I feel like there are a million things I should be doing, yet here I sit at the computer. The house is quiet. The boys are in bed. In fact, it's almost to quiet...makes me miss Monty. I know that these weeks will go fast. We've been apart before. In fact, we were long distance the whole year before we got married. I'm not afraid of being alone. I'm not even really "sad"... I just miss having him here. I missed him a lot a few minutes ago when I dragged the trash out to the curb...HIS job! I miss him when we tuck the boys into bed. I miss him when I crawl into bed...and he's not there. He's just fun to have around. Even if we're not talking...it's just having his physical presence that's nice.
The boys and I had a great day. We went to Sams Club and loaded up on diapers, ego's and other various items. I splurged and bought the Tyson "dinosaur" chicken nuggets. JD at 5 of them at lunch. The boys took good naps. We had stir fry for dinner and for a special treat, I took them to the McDonald's play land for an ice cream cone and a chance to run around. The boys went to bed easily...and I am so grateful for that.
Caleb was really "snugly" tonight. For those of you who know him, you know that is a rare treat for Mommy. We sat in the quiet of his room and I rocked him. I sang song after song and he just held on to me. I know these days will end all to soon, so I savored every second of it.
JD was full of questions tonight. He's been very concerned about making everyone "proud". He swept off the patio tonight and he showed me...his words were ..." Mommy, does that make you proud of me? Does it make God proud of me?" I assured him that we were both proud of him. Tonight as we were praying together...I told him... "JD...did you know that Mommy is proud of you for just being you? God made only ONE JD in the whole world. He thinks you are very special just because He made you. We are both so proud of you..." He seemed to revel in that as I kissed his little face.

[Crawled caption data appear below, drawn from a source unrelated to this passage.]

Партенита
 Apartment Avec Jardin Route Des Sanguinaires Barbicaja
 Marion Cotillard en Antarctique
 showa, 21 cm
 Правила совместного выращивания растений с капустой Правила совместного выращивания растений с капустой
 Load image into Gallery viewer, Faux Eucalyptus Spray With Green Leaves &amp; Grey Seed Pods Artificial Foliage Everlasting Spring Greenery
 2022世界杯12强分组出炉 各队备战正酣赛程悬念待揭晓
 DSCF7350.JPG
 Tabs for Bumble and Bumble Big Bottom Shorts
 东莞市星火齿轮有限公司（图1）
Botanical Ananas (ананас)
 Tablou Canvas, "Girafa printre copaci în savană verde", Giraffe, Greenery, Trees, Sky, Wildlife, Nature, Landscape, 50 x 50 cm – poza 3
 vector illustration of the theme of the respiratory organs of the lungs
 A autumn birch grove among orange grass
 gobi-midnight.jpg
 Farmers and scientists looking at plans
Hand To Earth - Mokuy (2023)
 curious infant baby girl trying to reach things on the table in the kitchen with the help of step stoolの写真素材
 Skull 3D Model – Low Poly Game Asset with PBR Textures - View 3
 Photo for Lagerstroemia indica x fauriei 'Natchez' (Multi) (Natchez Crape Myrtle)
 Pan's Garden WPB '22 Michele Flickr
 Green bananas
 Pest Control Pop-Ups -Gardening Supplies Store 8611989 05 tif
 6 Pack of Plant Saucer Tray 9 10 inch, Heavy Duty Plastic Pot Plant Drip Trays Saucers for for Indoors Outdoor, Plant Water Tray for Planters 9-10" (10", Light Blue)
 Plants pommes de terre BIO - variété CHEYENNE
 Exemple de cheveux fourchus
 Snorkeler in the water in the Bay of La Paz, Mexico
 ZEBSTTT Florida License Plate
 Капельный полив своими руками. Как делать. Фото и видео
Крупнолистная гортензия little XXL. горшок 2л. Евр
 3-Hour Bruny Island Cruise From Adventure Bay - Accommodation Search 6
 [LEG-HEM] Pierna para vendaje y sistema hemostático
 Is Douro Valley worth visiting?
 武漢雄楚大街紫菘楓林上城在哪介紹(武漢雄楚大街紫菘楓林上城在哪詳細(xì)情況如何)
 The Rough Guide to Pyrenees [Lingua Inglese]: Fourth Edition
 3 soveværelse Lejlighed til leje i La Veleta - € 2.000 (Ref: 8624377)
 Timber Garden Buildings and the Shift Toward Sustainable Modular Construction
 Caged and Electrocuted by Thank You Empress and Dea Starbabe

I think we all need that reminder... God's acceptance of us is not based on our performance. He loves us because He chooses to. So many times I've tried to "sweep the patio", in hopes of making God proud. When in reality...he is already proud of me because I'm His. I need to revel in that tonight.....
3 comments:
And then there was Connie's blog that put it all into perspective. It humbled me, made me cry and then I said, "I am so thankful she is my friend."
Love you.
K
Well, make me cry!!
Thanks for the moment.
I always enjoy reading about you and your everyday life with the boys. You are an encouragement to me. From one of your mother-in-law's oldest friends (in years knowing each other, not age!!)